(DATASET RECORDS Opens)
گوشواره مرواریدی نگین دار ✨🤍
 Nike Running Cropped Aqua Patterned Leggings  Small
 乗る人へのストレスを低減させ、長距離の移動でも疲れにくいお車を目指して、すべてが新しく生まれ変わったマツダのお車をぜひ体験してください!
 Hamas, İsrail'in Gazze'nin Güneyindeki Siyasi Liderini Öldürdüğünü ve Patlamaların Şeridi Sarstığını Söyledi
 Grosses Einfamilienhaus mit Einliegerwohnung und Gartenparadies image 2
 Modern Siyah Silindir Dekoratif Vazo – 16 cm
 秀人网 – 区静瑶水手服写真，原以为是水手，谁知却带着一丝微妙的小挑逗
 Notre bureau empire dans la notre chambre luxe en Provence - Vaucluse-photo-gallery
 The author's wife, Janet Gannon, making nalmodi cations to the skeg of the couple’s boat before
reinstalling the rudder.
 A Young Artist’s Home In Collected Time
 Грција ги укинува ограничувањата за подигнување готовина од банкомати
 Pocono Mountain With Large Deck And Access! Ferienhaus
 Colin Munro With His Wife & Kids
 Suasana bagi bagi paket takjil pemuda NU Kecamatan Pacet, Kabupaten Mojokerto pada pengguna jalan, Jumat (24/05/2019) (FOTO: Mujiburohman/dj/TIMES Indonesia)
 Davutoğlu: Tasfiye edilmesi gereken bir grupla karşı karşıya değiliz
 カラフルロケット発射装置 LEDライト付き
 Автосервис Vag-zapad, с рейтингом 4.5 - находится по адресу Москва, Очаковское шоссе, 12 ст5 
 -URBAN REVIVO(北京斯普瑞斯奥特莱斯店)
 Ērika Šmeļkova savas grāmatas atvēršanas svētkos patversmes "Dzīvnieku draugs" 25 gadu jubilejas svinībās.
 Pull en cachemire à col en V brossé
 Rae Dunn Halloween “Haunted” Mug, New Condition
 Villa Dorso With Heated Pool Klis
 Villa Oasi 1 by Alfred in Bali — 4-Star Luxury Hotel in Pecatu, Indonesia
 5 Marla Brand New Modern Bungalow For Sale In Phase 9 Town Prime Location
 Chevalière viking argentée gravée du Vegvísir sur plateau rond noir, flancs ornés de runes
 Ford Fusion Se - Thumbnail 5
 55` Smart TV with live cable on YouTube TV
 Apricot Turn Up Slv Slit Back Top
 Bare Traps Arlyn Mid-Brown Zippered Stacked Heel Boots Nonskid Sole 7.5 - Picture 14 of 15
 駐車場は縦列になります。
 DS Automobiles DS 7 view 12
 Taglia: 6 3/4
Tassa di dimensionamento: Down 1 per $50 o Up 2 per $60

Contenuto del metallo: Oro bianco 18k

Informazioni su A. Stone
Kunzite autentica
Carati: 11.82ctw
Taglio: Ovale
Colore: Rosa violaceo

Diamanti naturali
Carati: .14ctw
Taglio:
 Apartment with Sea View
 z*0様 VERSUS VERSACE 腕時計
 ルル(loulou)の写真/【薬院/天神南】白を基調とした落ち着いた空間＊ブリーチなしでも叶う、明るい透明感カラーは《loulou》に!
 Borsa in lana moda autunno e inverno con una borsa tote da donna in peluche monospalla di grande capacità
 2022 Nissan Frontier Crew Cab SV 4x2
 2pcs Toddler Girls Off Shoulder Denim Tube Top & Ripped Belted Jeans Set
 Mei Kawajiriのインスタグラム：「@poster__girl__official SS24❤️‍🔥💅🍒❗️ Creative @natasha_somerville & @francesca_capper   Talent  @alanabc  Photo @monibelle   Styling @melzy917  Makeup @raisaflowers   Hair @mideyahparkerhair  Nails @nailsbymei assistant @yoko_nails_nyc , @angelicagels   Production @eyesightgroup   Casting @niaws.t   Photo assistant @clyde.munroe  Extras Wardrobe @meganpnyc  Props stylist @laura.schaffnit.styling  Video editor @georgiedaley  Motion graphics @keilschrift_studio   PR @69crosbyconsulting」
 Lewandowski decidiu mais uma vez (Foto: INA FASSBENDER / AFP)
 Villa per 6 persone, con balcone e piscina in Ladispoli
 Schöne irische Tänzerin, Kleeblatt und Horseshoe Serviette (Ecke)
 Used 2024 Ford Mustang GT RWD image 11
(DATASET RECORDS Closes)
Reproduce verbatim the lines above, from the line with "Pull en cachemire à col en V brossé" through the line with "2pcs Toddler Girls".

[YOUR SOLUTION]
 Pull en cachemire à col en V brossé
 Rae Dunn Halloween “Haunted” Mug, New Condition
 Villa Dorso With Heated Pool Klis
 Villa Oasi 1 by Alfred in Bali — 4-Star Luxury Hotel in Pecatu, Indonesia
 5 Marla Brand New Modern Bungalow For Sale In Phase 9 Town Prime Location
 Chevalière viking argentée gravée du Vegvísir sur plateau rond noir, flancs ornés de runes
 Ford Fusion Se - Thumbnail 5
 55` Smart TV with live cable on YouTube TV
 Apricot Turn Up Slv Slit Back Top
 Bare Traps Arlyn Mid-Brown Zippered Stacked Heel Boots Nonskid Sole 7.5 - Picture 14 of 15
 駐車場は縦列になります。
 DS Automobiles DS 7 view 12
 Taglia: 6 3/4
Tassa di dimensionamento: Down 1 per $50 o Up 2 per $60

Contenuto del metallo: Oro bianco 18k

Informazioni su A. Stone
Kunzite autentica
Carati: 11.82ctw
Taglio: Ovale
Colore: Rosa violaceo

Diamanti naturali
Carati: .14ctw
Taglio:
 Apartment with Sea View
 z*0様 VERSUS VERSACE 腕時計
 ルル(loulou)の写真/【薬院/天神南】白を基調とした落ち着いた空間＊ブリーチなしでも叶う、明るい透明感カラーは《loulou》に!
 Borsa in lana moda autunno e inverno con una borsa tote da donna in peluche monospalla di grande capacità
 2022 Nissan Frontier Crew Cab SV 4x2
 2pcs Toddler Girls Off Shoulder Denim Tube Top & Ripped Belted Jeans Set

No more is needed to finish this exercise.